(About this task) Without any pictures, reproduce exactly the lines running from the line containing "Mẫu thiết kế shop thể thao nhỏ 07" through the end of the entries.

(Data for processing)

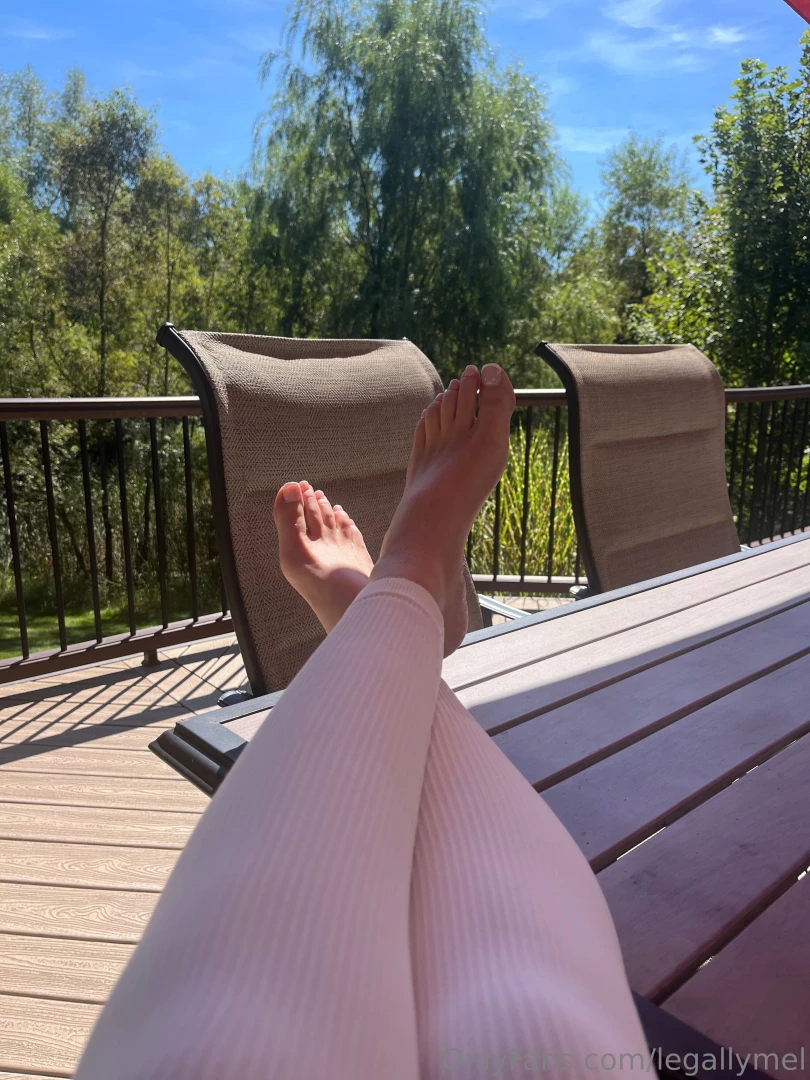 I had a meeting cancel so i said fuck it i m working from home today 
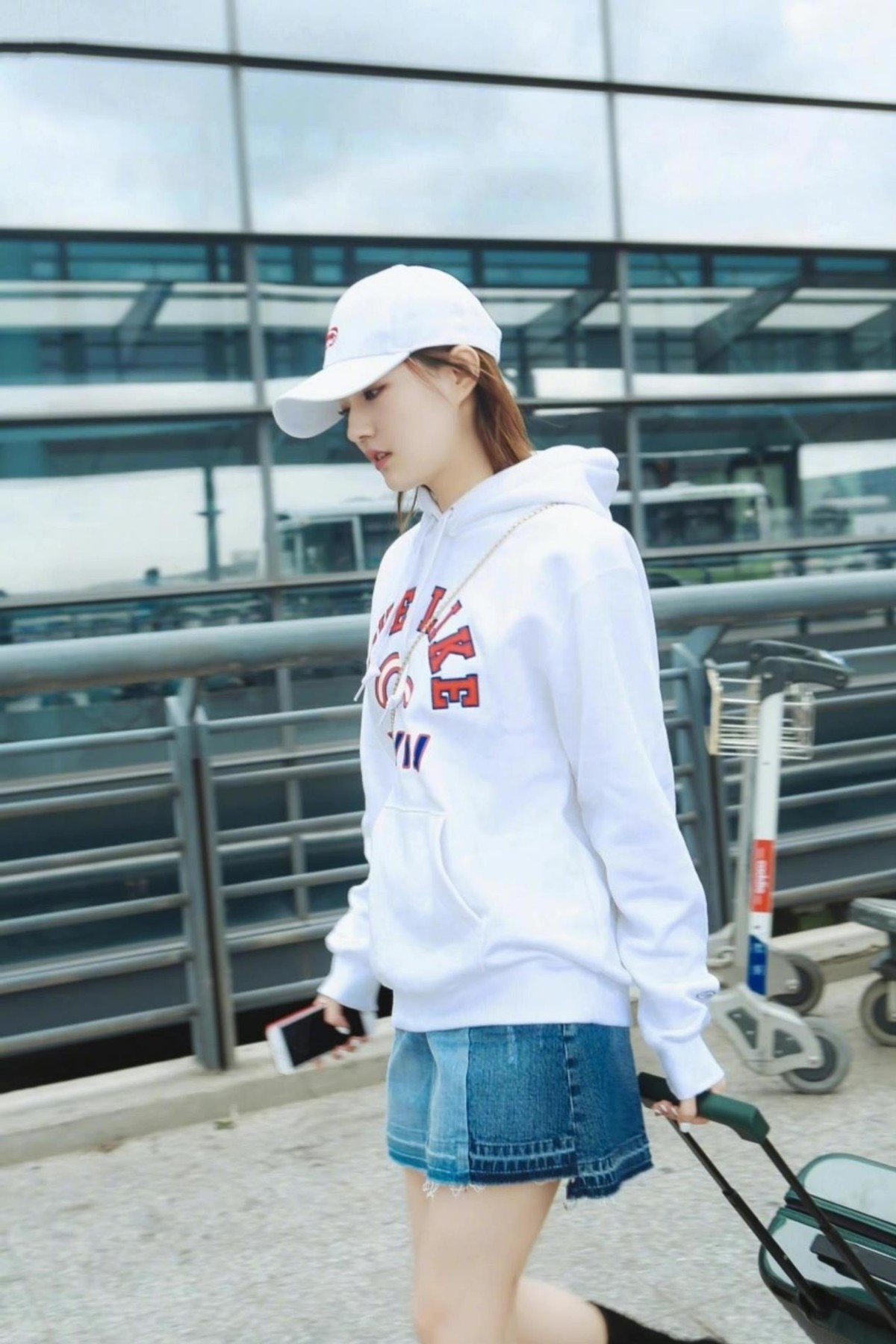 徐璐日常穿搭小短裙,徐璐同款卫衣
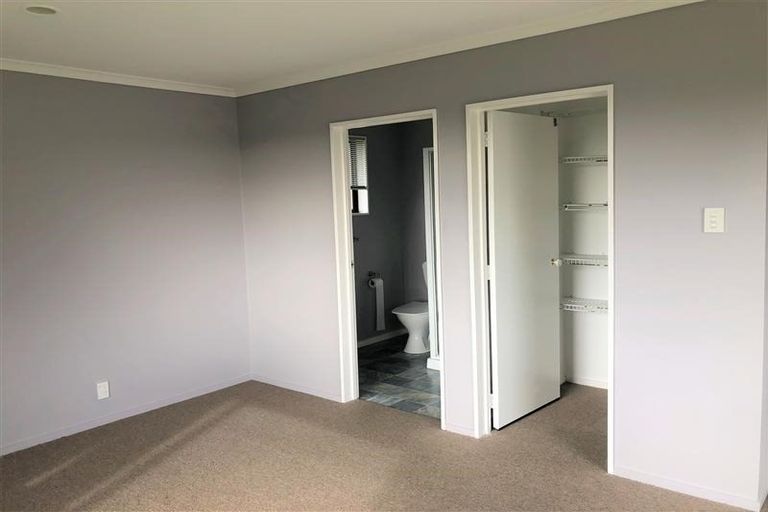 Photo of property in 32 Monaco View, Stoke, Nelson, 7011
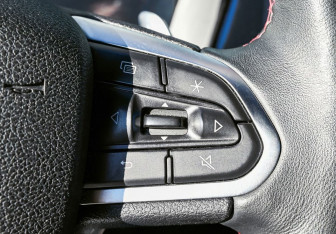 Подержанный автомобиль Geely Tugella 2023 года (12 фото)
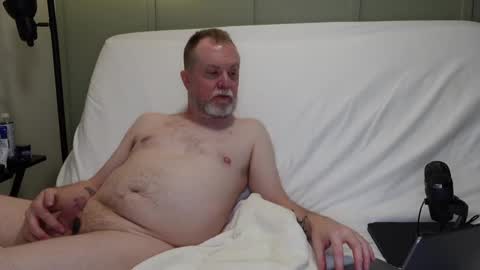 Snapshot of sensatyr chatting on 02.07.25 Daddy Dave online show from 02.07.25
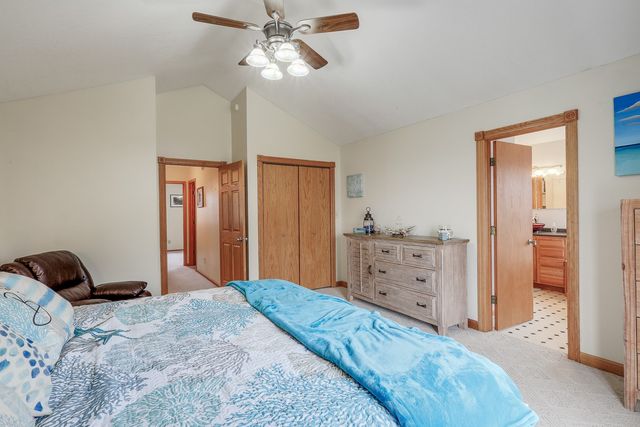 1023 Union Drive, Newton, IA 50208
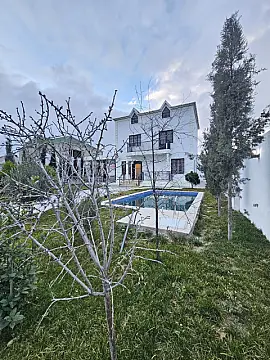 Satılır 5 otaqlı həyət evi 250 m²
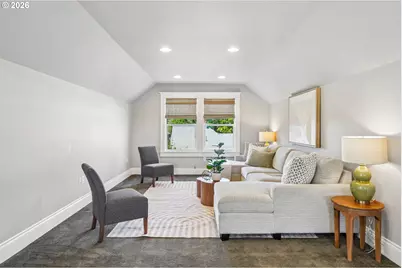 2433 SE Ivon St, Portland, OR 97202 - Photo 18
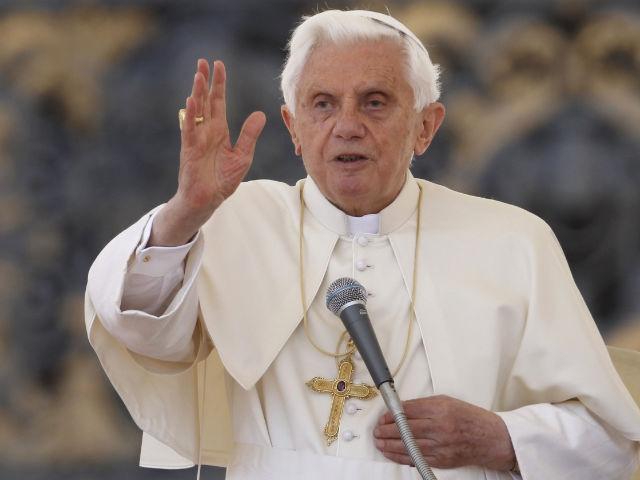 Papa Benedict al XVI-lea va intra în direct cu astronauţii de la bordul Endeavour.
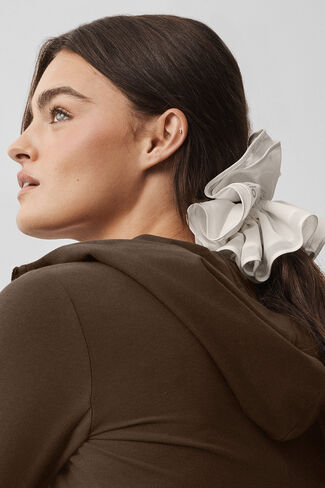 Alo Yoga Mesh Sweet Nothing Scrunchie كبيرة الحجم - عاجي - عاجي / مقاس واحد in Kuwait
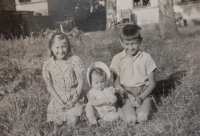 Ludmila Kantorová (in the middle) with her siblings Marie and František Valert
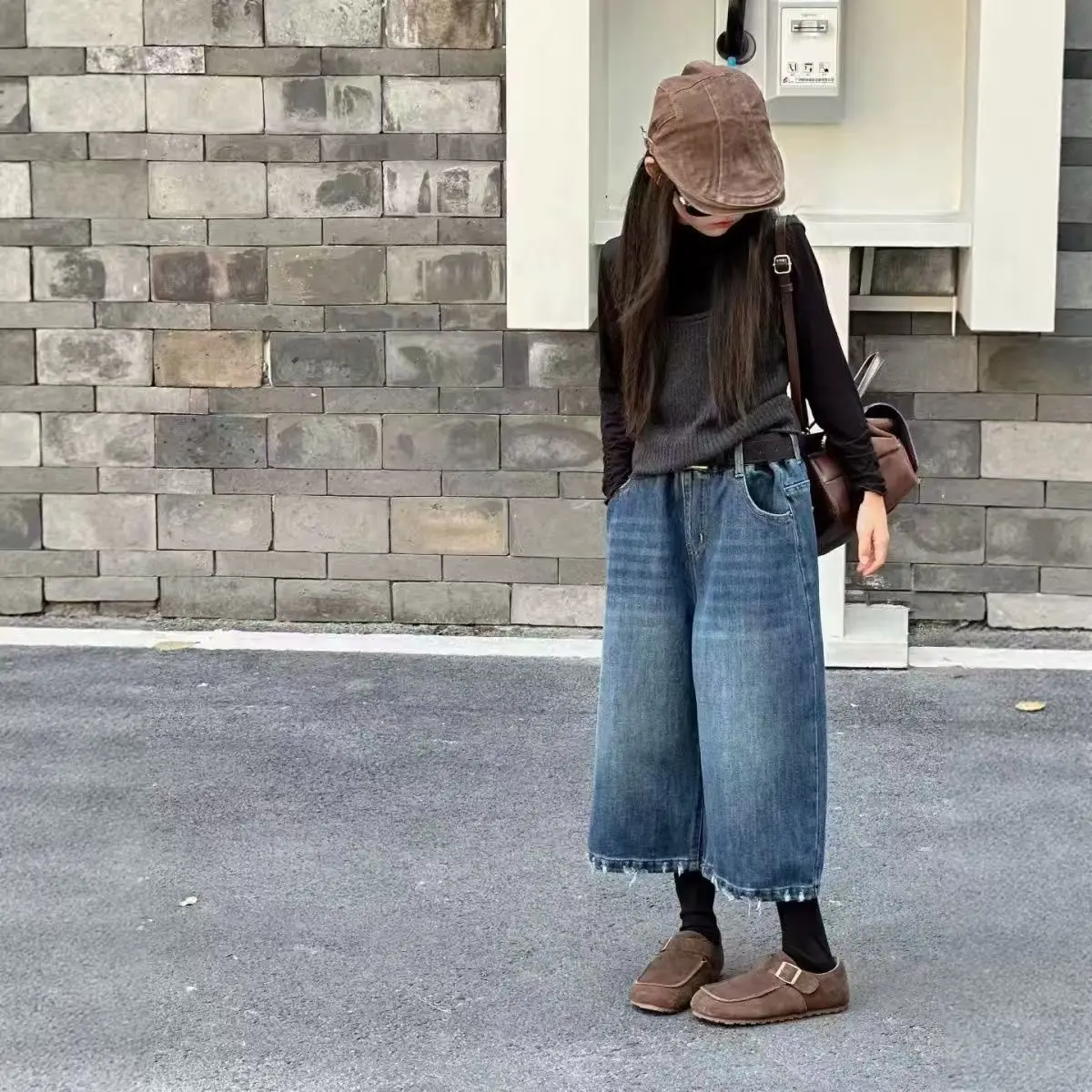 

Girls' Retro Denim Cropped Pants Children's Spring And Autumn Straight Leg Pants Children's Personalized Casual Pants Trend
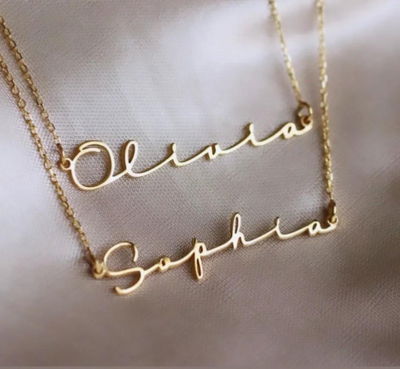 COLLAR IDENTIDAD GOLDEN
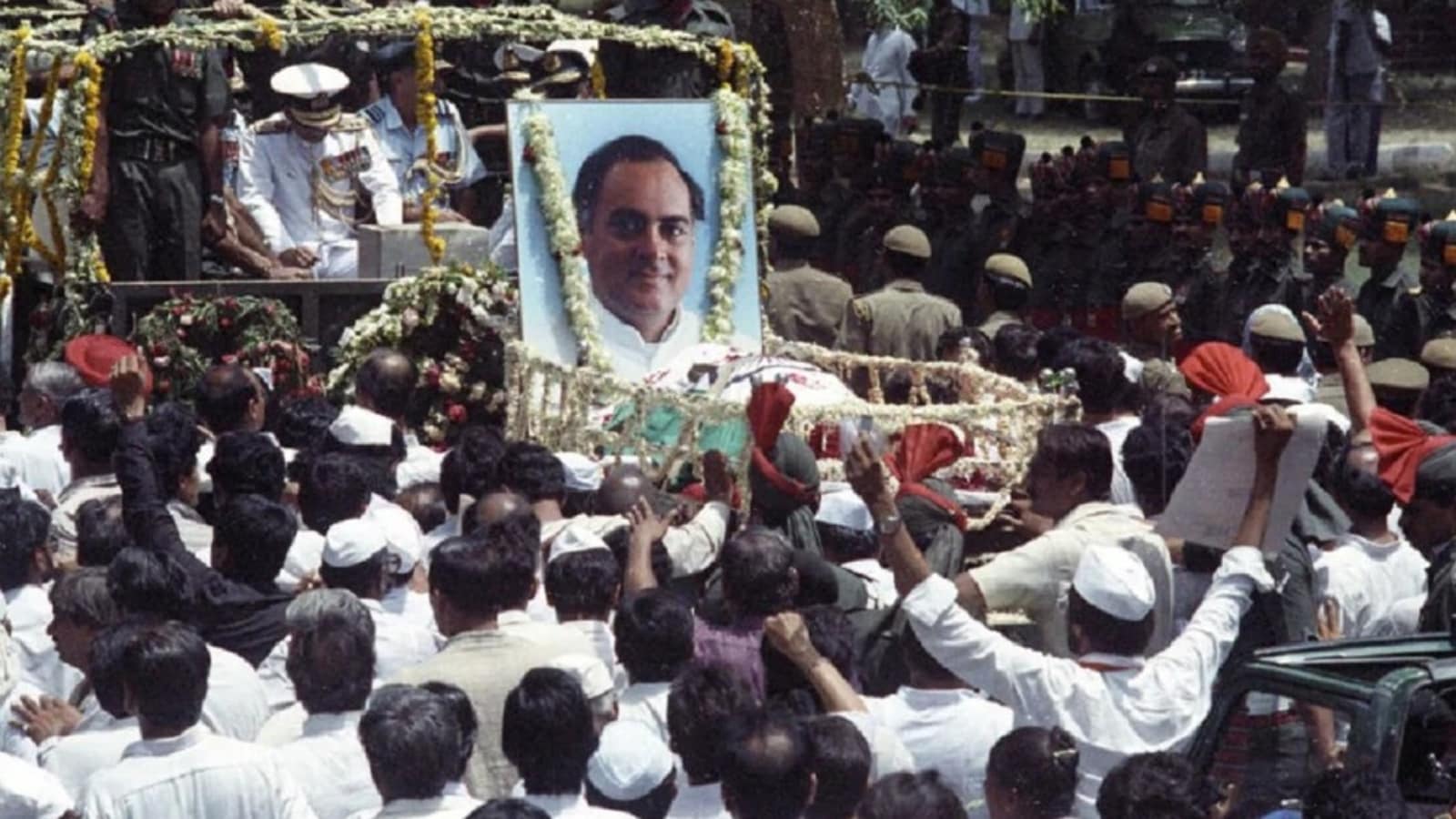 The tragic suicide bombing in Sriperumbudur, Tamil Nadu, claimed the lives of 14 others in addition to Rajiv Gandhi and the attacker. The tragic suicide bombing in Sriperumbudur, Tamil Nadu, claimed the lives of 14 others in addition to Rajiv Gandhi and the attacker.
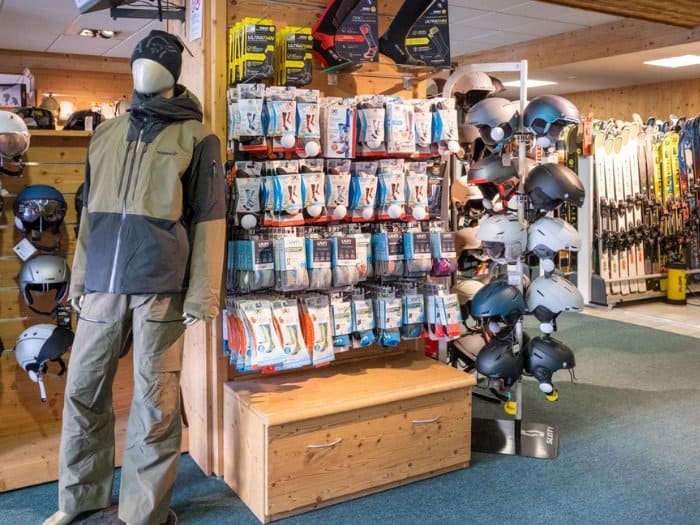 Mẫu thiết kế shop thể thao nhỏ 07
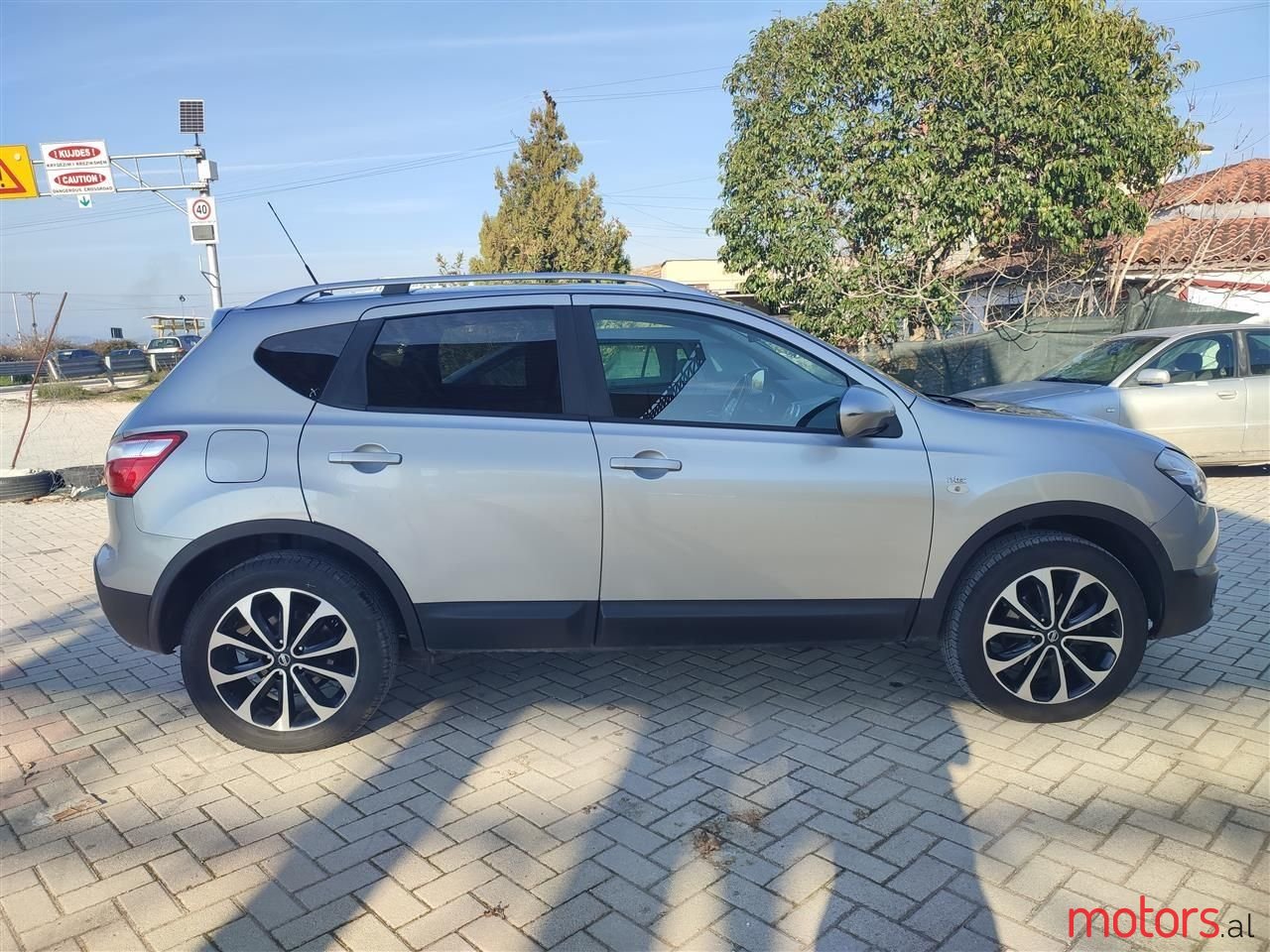 2012' Nissan Qashqai photo #2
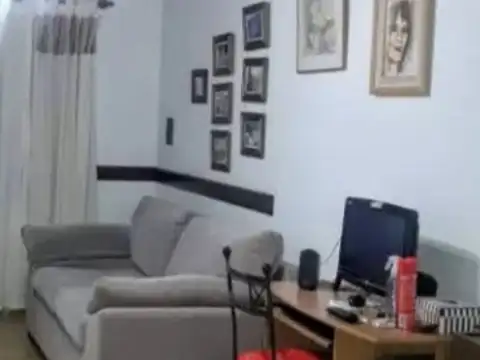 Depto Tipo Casa en Venta 45 años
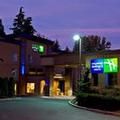 Exterior of Holiday Inn Express & Suites Surrey An Ihg Hotel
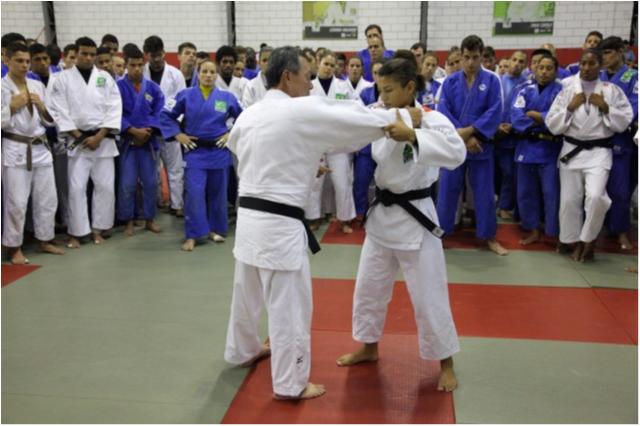 Padronização de treino e número de atletas difere Saquarema de treinamentos no exterior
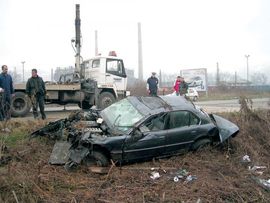 Dvije osobe poginule, tri teško povrijeđene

(Answer section)
 Mẫu thiết kế shop thể thao nhỏ 07
 2012' Nissan Qashqai photo #2
 Depto Tipo Casa en Venta 45 años
 Exterior of Holiday Inn Express & Suites Surrey An Ihg Hotel
 Padronização de treino e número de atletas difere Saquarema de treinamentos no exterior
 Dvije osobe poginule, tri teško povrijeđene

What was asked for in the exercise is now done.